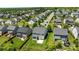 An aerial view of a neighborhood with well-maintained lawns and fenced yards at 1300 Yellow Springs Dr, Indian Land, SC 29707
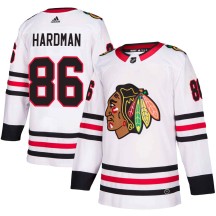 Mike Hardman Chicago Blackhawks Adidas Youth Authentic Away Jersey - White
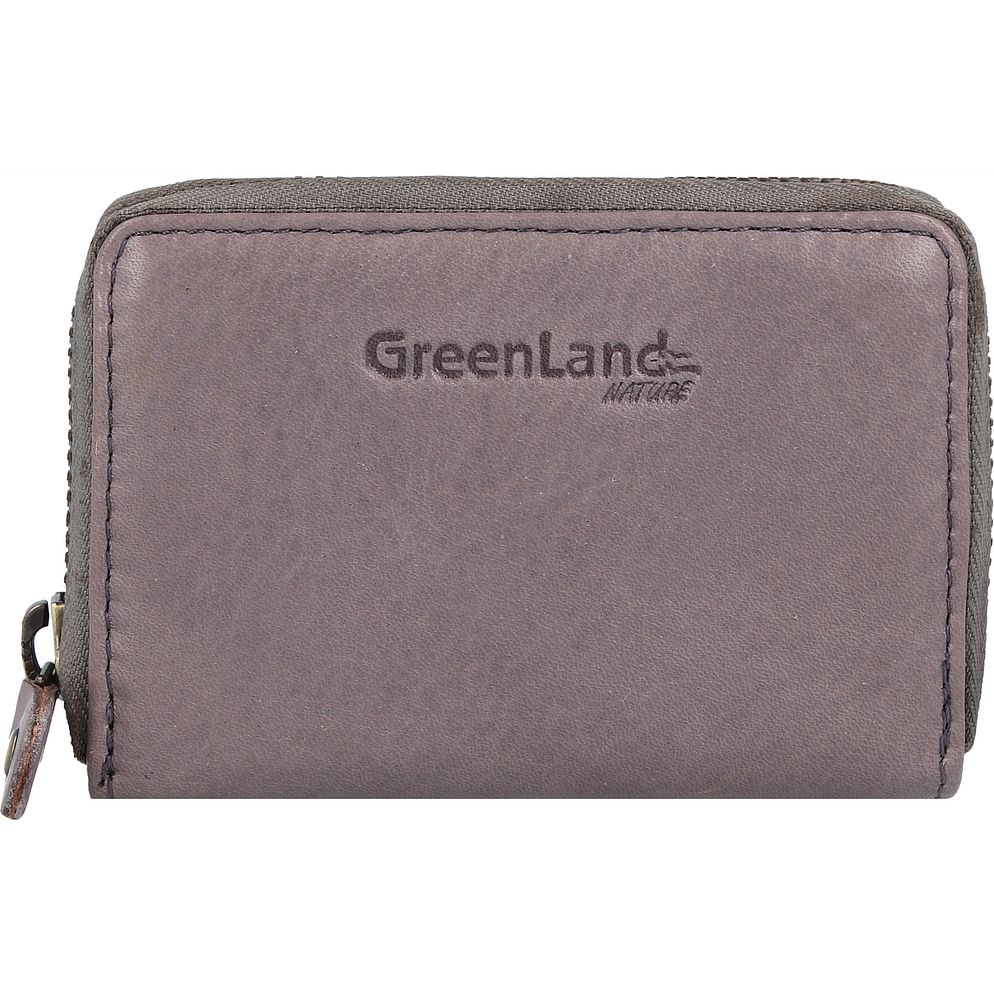 Greenland Nature Custodia per carta di credito Protezione RFID Vera Pelle 10.5 cm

——————————

WORK ORDER: Reprint the data verbatim, pictures excluded.

OUTPUT FOR THIS TASK:
 An aerial view of a neighborhood with well-maintained lawns and fenced yards at 1300 Yellow Springs Dr, Indian Land, SC 29707
 Mike Hardman Chicago Blackhawks Adidas Youth Authentic Away Jersey - White
 Greenland Nature Custodia per carta di credito Protezione RFID Vera Pelle 10.5 cm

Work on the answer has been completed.